Finding all equilibria of a two-player game: Bagwell's commitment example

Theodore L. Turocy
University of East Anglia

EC'16 Workshop 24 July 2016

In [1]:
import gambit

Bagwell (1993) pointed out that the usual story of Stackelberg commitment to an action depends critically on the observability of the commitment to the action. If there is any chance that the action might be misinterpreted, then the only equilibrium in pure strategies is the equilibrium of the simultaneous-move game. He noted however that if the chance of misinterpreting the action is sufficiently small, then there is an equilibrium in mixed strategies in which the player chooses the Stackelberg action with probability arbitarily close to one.

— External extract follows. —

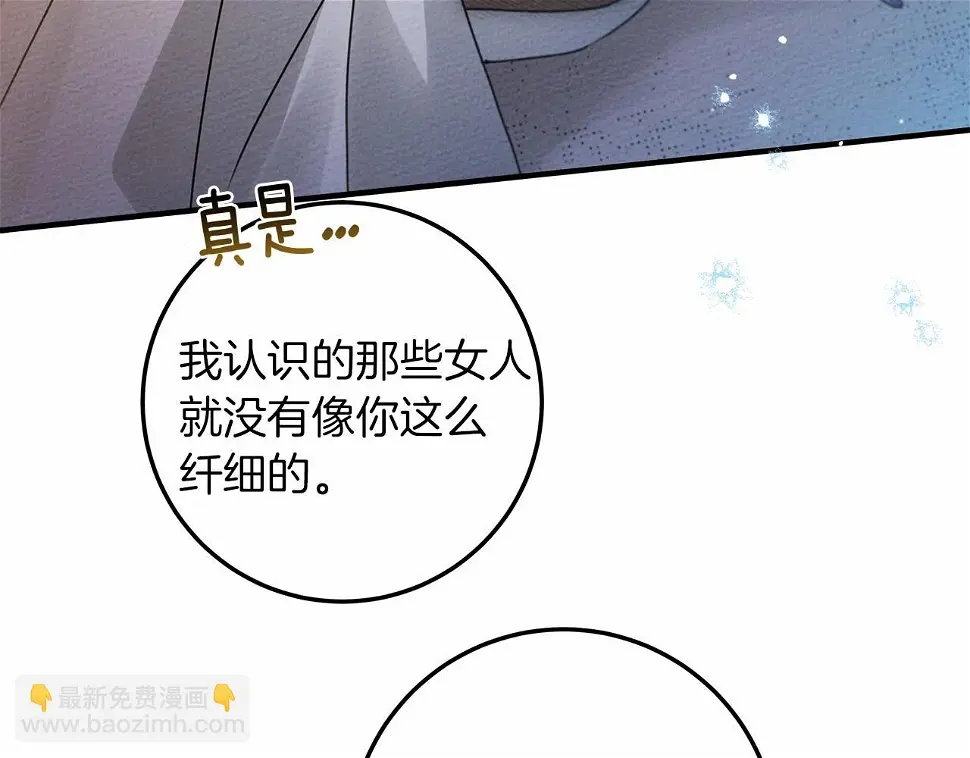 第62话 体贴的男人137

We'll explore this example numerically, and use it as a vehicle for showing how to compute all equilibria of a two-player game.

We'll start with a quick overview of the "base" simultaneous-move game used by Bagwell in his example. First we'll create the payoff matrix for the "leader" player:

In [2]:
import numpy
L = numpy.array([[5,3], [6,4]])
L
Out[2]:
array([[5, 3],
       [6, 4]])

And the payoff matrix for the "follower" player:

In [3]:
F = numpy.array([[2,1], [3,4]])
F
Out[3]:
array([[2, 1],
       [3, 4]])

The constructor Game.from_arrays creates a game in normal form from a collection of payoff matrices, one per player.

In [4]:
g = gambit.Game.from_arrays(L, F)
g.players[0].label = "Leader"
g.players[0].strategies[0].label = "S"
g.players[0].strategies[1].label = "C"
g.players[1].label = "Follower"
g.players[1].strategies[0].label = "S"
g.players[1].strategies[1].label = "C"
import IPython.display; IPython.display.HTML(g.write('html'))
Out[4]:

SC
S5,23,1
C6,34,4

Here, we have set up the row player as the would-be "Leader" player (the one who would have an incentive to commit). The strategy "S" (for both players) would be the subgame-perfect outcome if the row player had the opportunity to commit, where as we can see that "C" is going to be the unique equilibrium (obtainable by iterative elimination of strictly dominated strategies!) if players choose simultaneously.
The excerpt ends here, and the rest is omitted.